Exercise description :: A stretch of the entries below is to be set down exactly, running from the line with "Red ruby rings" through the line with "Gravel pathway with", both included, and no other line.

Data shown ::

■ ■ ■ ■ ■

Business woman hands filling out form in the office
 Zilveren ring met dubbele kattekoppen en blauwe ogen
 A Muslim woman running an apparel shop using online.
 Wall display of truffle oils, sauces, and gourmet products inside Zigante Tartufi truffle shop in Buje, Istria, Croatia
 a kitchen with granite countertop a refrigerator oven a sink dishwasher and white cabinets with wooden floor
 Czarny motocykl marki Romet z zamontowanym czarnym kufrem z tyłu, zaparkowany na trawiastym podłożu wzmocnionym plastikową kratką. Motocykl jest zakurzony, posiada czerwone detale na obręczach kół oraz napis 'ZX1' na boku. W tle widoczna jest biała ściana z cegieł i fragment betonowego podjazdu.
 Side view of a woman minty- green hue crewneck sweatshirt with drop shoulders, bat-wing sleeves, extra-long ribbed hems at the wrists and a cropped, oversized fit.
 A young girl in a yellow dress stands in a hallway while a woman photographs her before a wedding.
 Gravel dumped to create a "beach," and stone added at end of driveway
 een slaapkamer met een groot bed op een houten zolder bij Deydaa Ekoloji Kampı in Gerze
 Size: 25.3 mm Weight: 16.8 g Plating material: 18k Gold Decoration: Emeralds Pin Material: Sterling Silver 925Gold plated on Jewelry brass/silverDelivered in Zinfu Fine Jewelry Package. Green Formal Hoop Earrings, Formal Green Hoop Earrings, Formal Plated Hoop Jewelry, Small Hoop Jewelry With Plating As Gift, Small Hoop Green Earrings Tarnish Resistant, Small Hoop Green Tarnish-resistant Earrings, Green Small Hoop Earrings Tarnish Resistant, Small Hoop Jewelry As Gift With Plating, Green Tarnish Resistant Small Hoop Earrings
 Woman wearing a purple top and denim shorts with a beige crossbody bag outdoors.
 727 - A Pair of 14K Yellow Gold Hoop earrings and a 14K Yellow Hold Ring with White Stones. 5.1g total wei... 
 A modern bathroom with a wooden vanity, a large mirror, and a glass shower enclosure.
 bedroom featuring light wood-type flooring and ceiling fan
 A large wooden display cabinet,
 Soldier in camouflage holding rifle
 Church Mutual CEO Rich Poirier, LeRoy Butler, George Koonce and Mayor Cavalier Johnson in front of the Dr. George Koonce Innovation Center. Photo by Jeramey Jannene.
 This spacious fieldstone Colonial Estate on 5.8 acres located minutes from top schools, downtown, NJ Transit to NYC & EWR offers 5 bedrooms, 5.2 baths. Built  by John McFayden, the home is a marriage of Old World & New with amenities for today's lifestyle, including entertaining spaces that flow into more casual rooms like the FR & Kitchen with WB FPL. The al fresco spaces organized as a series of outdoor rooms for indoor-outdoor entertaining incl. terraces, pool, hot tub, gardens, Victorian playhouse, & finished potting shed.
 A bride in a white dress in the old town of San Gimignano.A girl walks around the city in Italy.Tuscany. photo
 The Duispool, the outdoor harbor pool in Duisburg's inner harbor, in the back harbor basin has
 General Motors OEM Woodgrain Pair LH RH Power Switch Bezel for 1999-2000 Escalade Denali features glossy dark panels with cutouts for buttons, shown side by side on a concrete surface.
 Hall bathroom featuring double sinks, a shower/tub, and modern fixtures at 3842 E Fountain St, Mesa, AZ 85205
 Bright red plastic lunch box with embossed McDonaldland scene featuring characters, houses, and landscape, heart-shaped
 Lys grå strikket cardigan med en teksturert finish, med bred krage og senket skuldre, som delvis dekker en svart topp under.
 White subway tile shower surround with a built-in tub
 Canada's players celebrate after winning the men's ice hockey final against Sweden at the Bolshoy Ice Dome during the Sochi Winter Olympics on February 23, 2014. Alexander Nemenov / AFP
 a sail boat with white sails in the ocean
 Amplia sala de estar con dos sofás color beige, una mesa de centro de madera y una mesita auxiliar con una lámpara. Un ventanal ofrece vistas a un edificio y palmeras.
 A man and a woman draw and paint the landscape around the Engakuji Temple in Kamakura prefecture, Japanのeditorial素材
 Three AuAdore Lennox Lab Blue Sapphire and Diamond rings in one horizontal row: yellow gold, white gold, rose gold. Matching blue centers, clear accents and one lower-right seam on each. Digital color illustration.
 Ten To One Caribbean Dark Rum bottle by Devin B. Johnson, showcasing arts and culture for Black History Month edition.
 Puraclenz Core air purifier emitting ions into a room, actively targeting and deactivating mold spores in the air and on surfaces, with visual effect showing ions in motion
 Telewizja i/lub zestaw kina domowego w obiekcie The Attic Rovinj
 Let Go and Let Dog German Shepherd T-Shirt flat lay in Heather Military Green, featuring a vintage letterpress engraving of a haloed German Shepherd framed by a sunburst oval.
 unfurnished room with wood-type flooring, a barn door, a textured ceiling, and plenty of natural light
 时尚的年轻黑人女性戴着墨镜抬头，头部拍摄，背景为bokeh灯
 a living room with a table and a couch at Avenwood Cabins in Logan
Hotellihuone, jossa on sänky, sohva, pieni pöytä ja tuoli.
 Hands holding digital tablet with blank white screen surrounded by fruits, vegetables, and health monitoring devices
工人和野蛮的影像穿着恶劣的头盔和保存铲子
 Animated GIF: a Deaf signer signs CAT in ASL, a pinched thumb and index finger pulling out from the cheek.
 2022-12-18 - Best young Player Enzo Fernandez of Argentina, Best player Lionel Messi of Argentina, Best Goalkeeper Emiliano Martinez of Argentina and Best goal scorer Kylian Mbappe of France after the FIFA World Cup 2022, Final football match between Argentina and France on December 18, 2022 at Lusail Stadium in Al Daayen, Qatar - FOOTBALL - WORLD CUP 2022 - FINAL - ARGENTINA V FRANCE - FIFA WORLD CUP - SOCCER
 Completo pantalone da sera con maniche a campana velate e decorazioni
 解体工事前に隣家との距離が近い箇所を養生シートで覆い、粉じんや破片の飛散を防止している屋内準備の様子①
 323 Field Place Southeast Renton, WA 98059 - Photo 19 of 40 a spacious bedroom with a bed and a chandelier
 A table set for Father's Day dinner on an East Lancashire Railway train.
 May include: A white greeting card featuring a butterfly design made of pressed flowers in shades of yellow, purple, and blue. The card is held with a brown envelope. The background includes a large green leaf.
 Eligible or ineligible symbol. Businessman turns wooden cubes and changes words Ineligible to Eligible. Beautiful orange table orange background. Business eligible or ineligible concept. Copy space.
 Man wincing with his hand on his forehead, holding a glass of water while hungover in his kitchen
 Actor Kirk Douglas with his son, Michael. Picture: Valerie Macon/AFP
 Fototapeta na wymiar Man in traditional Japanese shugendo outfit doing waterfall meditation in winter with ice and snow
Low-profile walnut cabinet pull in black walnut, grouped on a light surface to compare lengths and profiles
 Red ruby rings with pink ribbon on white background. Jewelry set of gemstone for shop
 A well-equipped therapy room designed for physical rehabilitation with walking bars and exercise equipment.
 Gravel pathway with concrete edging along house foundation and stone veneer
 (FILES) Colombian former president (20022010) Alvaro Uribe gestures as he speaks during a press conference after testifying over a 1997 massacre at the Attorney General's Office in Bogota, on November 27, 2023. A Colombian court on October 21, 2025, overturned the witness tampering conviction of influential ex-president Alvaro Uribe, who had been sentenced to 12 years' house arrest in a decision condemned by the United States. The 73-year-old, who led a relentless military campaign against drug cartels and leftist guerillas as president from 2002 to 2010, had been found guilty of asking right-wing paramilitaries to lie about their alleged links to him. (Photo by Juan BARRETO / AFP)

■ ■ ■ ■ ■

Task response ::
 Red ruby rings with pink ribbon on white background. Jewelry set of gemstone for shop
 A well-equipped therapy room designed for physical rehabilitation with walking bars and exercise equipment.
 Gravel pathway with concrete edging along house foundation and stone veneer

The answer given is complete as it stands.